# EXERCISE DATA:
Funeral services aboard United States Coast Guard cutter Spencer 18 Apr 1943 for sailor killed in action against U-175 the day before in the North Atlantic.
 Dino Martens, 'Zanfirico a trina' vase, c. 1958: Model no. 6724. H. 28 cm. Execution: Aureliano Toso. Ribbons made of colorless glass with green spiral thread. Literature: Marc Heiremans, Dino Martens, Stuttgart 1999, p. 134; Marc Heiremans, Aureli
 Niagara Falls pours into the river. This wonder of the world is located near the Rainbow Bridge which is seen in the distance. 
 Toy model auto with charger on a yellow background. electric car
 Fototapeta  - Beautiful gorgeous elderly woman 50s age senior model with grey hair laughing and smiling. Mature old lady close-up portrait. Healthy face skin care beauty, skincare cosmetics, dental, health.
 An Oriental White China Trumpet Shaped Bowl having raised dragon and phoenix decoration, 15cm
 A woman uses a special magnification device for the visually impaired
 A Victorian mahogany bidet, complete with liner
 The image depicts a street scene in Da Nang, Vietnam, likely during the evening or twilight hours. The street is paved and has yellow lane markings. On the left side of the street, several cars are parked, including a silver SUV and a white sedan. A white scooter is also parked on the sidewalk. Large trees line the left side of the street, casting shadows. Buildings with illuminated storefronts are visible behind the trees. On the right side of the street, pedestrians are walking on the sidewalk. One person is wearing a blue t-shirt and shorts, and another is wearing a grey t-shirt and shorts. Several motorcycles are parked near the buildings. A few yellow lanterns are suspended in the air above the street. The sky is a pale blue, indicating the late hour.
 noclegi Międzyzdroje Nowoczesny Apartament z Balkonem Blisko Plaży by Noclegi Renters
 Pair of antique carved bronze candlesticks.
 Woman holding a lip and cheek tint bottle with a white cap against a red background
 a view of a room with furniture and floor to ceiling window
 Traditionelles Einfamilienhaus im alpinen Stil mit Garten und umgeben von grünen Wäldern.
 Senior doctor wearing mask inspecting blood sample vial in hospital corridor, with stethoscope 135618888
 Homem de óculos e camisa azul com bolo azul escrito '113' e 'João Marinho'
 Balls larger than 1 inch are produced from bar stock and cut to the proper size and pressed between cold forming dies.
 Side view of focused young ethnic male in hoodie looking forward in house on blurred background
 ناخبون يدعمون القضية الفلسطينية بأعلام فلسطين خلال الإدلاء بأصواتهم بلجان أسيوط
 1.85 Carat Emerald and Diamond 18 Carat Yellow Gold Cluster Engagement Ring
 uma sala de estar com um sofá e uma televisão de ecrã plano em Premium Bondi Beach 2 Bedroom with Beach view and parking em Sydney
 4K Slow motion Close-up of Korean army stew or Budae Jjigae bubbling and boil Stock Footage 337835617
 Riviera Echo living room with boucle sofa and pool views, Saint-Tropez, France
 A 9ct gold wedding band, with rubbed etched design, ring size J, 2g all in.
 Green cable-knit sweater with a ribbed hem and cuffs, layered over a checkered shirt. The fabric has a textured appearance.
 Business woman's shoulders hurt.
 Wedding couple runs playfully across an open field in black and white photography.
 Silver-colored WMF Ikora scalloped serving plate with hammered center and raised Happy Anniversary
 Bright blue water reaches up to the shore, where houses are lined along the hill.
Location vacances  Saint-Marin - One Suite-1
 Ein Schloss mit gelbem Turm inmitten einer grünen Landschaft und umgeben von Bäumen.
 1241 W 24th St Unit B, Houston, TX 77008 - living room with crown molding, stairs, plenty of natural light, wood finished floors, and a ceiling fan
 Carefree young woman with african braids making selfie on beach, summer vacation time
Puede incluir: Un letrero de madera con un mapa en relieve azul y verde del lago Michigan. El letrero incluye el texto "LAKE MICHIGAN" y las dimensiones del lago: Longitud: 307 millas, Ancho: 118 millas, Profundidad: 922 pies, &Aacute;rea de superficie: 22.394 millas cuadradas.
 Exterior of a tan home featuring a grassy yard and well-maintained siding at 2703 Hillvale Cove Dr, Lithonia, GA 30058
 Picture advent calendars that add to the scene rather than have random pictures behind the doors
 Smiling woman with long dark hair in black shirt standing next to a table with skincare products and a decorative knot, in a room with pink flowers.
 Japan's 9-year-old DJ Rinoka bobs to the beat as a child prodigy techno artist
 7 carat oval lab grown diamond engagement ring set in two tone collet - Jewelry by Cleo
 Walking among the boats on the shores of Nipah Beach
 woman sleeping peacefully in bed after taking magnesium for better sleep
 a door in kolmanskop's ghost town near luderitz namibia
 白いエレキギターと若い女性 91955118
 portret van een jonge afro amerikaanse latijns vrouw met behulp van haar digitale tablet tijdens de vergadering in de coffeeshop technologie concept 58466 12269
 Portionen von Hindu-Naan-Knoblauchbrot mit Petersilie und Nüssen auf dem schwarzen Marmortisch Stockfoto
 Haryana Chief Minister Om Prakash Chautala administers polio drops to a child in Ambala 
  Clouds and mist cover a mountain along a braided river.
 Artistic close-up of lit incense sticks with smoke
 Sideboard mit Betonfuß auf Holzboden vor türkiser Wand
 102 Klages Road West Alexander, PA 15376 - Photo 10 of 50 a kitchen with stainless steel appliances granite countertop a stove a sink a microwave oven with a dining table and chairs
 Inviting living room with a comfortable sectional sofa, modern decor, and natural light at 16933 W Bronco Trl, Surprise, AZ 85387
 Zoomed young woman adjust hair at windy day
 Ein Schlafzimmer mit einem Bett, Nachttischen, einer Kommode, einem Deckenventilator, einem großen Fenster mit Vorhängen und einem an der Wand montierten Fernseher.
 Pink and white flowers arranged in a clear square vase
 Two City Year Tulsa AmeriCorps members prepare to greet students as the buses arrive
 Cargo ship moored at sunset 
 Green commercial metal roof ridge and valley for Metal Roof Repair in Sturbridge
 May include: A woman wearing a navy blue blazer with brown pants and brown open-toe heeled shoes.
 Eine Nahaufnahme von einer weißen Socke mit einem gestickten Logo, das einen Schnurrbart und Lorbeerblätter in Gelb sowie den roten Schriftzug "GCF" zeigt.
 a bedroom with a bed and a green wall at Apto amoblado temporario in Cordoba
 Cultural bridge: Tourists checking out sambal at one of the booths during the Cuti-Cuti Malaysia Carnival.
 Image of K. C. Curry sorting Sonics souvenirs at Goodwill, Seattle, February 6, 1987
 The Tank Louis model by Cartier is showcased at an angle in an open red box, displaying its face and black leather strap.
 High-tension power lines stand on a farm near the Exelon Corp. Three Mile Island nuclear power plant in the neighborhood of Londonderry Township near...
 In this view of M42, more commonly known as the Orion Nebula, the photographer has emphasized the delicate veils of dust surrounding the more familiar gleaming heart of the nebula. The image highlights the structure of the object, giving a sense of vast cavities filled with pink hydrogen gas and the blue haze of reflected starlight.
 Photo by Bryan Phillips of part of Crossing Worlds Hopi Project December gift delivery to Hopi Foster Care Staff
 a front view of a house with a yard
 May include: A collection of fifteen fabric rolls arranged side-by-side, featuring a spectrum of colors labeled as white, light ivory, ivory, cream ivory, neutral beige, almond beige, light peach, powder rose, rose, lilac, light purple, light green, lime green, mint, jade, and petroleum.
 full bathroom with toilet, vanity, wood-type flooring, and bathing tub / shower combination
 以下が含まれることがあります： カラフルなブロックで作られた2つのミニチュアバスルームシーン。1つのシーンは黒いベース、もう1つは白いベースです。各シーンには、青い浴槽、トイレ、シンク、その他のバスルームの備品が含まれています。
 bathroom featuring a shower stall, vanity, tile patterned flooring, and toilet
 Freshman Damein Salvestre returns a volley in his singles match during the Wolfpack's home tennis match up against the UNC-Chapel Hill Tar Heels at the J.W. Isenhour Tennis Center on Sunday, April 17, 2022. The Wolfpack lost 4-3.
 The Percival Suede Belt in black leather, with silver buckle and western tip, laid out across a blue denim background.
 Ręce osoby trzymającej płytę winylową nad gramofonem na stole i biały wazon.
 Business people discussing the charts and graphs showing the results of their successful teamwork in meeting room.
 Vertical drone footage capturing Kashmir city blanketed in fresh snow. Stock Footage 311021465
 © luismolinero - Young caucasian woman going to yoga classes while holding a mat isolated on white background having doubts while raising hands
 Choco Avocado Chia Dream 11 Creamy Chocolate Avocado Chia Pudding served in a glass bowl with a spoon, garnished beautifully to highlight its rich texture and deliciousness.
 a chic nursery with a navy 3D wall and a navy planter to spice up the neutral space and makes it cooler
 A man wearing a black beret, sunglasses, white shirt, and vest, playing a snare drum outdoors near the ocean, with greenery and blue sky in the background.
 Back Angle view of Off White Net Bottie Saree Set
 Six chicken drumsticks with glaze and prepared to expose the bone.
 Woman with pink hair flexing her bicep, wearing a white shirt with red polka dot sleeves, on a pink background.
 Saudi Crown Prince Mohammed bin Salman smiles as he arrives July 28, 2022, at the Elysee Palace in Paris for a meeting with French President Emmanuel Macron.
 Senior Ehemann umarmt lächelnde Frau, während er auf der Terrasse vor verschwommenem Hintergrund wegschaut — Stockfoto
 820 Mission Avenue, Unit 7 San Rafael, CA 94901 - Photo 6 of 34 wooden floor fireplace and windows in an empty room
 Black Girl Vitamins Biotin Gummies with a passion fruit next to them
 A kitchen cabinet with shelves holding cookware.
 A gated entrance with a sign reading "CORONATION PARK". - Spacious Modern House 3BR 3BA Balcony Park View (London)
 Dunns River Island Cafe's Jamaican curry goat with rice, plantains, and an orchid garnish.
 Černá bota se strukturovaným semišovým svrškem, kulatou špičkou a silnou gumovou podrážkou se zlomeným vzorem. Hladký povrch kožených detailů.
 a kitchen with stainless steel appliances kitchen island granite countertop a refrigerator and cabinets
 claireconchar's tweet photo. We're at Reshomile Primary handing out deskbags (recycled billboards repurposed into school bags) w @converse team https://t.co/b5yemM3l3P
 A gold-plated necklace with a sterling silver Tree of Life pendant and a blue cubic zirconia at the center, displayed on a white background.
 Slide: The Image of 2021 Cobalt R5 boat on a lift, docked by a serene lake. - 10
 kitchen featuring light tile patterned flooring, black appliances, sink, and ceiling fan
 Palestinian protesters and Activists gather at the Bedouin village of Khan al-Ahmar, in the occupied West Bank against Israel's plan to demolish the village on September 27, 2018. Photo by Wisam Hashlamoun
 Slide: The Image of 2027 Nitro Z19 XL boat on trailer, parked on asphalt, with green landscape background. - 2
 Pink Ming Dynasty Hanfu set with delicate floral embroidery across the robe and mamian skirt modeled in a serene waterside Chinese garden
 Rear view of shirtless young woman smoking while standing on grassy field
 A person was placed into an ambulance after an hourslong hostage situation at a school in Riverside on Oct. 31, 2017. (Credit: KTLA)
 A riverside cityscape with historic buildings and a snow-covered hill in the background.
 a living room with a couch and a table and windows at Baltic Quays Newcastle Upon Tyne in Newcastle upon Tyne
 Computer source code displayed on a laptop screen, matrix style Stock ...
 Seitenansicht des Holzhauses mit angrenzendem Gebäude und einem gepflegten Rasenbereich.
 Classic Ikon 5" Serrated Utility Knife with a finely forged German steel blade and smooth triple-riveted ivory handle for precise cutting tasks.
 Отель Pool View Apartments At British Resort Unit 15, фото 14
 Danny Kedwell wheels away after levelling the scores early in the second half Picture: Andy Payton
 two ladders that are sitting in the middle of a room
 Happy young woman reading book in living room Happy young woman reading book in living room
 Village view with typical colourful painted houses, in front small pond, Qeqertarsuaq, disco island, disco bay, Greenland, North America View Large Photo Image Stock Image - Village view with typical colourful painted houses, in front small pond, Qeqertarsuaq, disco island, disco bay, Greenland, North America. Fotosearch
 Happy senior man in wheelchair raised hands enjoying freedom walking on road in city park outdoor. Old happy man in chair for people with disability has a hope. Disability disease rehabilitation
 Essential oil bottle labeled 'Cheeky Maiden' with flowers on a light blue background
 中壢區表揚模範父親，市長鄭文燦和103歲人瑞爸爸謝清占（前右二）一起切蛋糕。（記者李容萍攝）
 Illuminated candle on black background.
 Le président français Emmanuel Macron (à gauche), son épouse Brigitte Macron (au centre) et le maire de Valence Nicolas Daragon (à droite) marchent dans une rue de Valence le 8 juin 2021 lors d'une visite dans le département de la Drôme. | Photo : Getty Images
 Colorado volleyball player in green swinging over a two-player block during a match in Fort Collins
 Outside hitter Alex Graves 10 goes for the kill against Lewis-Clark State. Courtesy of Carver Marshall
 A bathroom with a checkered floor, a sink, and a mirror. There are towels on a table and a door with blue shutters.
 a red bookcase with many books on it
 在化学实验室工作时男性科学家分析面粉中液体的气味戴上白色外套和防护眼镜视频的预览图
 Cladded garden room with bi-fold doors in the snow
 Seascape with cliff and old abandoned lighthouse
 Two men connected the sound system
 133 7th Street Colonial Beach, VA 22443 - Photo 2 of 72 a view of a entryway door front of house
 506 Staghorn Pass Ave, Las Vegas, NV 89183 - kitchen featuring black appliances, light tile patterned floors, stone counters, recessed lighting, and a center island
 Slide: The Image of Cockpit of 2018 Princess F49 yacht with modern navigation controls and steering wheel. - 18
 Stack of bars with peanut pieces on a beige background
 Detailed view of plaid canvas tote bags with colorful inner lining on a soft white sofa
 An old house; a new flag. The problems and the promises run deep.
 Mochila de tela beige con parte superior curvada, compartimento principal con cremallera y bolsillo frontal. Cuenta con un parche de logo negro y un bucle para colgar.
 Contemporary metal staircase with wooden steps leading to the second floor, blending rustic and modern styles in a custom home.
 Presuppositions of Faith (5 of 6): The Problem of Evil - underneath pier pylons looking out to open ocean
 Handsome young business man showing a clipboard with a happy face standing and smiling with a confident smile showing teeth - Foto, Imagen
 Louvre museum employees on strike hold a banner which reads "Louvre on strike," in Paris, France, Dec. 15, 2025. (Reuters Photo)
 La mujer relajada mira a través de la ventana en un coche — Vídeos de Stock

# WHAT TO DO:
Only the lines containing "granite" are needed; pull them out of the listing.

# RESPONSE TO THE EXERCISE:
 102 Klages Road West Alexander, PA 15376 - Photo 10 of 50 a kitchen with stainless steel appliances granite countertop a stove a sink a microwave oven with a dining table and chairs
 a kitchen with stainless steel appliances kitchen island granite countertop a refrigerator and cabinets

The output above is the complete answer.